▶ THE TASK:
Once the line with "Nature's Geometry: A" is found in the material, write out that line and every later line exactly, through the end.

▶ EXERCISE INPUT:
[Start of section]

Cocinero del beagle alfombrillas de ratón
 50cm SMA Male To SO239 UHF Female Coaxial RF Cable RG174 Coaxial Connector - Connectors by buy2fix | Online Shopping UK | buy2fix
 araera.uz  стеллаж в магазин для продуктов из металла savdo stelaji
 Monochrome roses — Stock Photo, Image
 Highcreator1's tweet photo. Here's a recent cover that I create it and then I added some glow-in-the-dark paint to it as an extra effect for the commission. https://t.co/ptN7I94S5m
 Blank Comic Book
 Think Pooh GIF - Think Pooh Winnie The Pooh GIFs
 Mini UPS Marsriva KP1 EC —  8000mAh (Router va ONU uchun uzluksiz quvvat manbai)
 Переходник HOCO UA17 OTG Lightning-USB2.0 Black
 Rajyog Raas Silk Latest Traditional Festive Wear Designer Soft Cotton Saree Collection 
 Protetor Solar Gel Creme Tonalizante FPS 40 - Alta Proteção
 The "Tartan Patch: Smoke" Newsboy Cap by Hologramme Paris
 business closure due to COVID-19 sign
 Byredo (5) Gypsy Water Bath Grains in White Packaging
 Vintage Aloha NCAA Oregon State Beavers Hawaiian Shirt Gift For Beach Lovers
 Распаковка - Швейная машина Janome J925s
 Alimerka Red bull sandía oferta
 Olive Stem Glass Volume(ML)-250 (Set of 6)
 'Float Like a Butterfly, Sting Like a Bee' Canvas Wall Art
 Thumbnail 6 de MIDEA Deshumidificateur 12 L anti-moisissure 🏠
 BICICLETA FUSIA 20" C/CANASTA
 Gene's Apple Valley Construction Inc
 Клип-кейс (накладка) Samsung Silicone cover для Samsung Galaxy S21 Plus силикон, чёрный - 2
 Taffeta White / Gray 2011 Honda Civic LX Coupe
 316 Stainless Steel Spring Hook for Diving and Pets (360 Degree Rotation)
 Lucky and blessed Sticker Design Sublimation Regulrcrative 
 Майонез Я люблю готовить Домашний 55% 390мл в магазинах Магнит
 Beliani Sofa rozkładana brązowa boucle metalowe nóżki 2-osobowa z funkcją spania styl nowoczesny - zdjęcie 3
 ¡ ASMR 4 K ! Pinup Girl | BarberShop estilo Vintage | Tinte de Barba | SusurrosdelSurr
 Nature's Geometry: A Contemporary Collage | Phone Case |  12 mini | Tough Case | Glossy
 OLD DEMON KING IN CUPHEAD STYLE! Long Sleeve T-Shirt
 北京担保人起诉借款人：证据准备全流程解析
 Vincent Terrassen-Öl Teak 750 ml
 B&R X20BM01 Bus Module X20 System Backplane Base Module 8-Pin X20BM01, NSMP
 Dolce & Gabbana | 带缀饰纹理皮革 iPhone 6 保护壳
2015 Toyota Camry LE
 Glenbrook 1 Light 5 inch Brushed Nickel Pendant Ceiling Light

[End of section]

▶ EXERCISE RESULT:
 Nature's Geometry: A Contemporary Collage | Phone Case |  12 mini | Tough Case | Glossy
 OLD DEMON KING IN CUPHEAD STYLE! Long Sleeve T-Shirt
 北京担保人起诉借款人：证据准备全流程解析
 Vincent Terrassen-Öl Teak 750 ml
 B&R X20BM01 Bus Module X20 System Backplane Base Module 8-Pin X20BM01, NSMP
 Dolce & Gabbana | 带缀饰纹理皮革 iPhone 6 保护壳
2015 Toyota Camry LE
 Glenbrook 1 Light 5 inch Brushed Nickel Pendant Ceiling Light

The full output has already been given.